Classification Signals

Simple Utility Signals

  • Clear input → processing → output pattern
  • No user interaction needed during execution
  • Other skills/workflows call it
  • Deterministic or near-deterministic behavior
  • Could be a script but needs LLM judgment
  • Examples: JSON validator, schema checker, format converter

Simple Workflow Signals

  • 3-8 numbered steps
  • User interaction at specific points
  • Uses standard tools (gh, git, npm, etc.)
  • Produces a single output artifact
  • No need to track state across compactions
  • Examples: PR creator, deployment checklist, code review

Complex Workflow Signals

  • Multiple distinct phases/stages
  • Long-running (likely to hit context compaction)
  • Progressive disclosure needed (too much for one file)
  • Routing logic in SKILL.md dispatches to stage prompts
  • Produces multiple artifacts across stages
  • May support headless/autonomous mode
  • Examples: agent builder, module builder, project scaffolder

Module Context (Orthogonal)

Module context is asked for ALL types:

  • Module-based: Part of a BMad module.
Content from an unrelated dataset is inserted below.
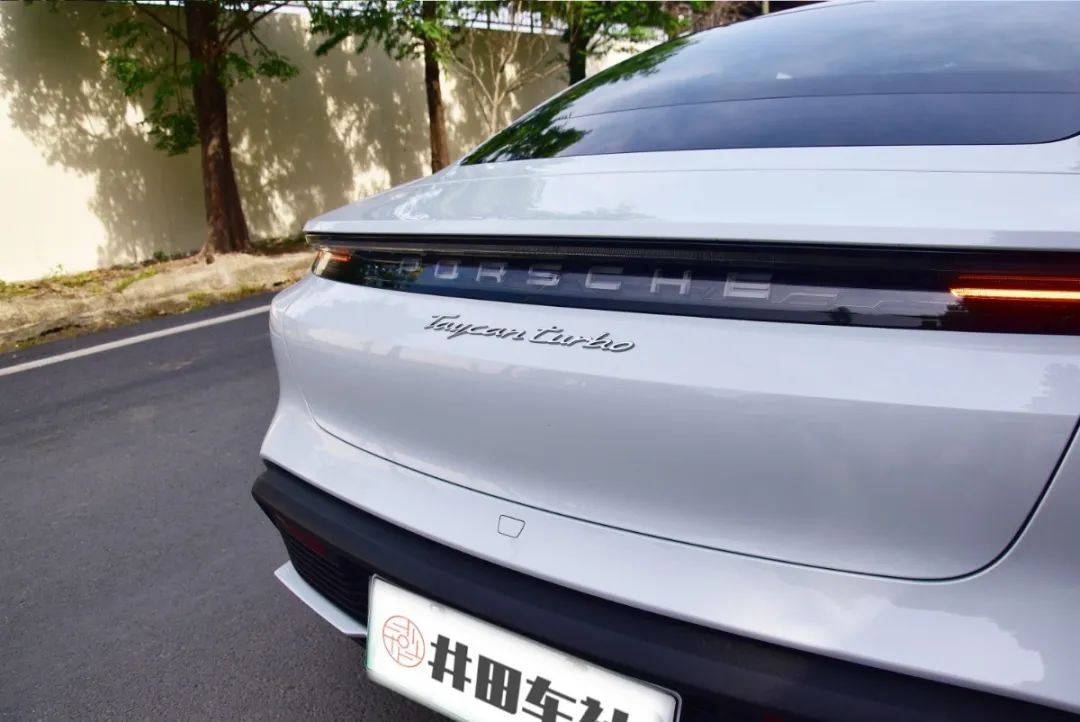 保时捷运动轿车_保时捷的运动版车型与驾驶魅力_2021款保时捷运动版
Uses bmad-{modulecode}-{skillname} naming. Config loading includes a fallback pattern — if config is missing, the skill informs the user that the module setup skill is available and continues with sensible defaults.
  • Standalone: Independent skill. Uses bmad-{skillname} naming. Config loading is best-effort — load if available, use defaults if not, no mention of a setup skill.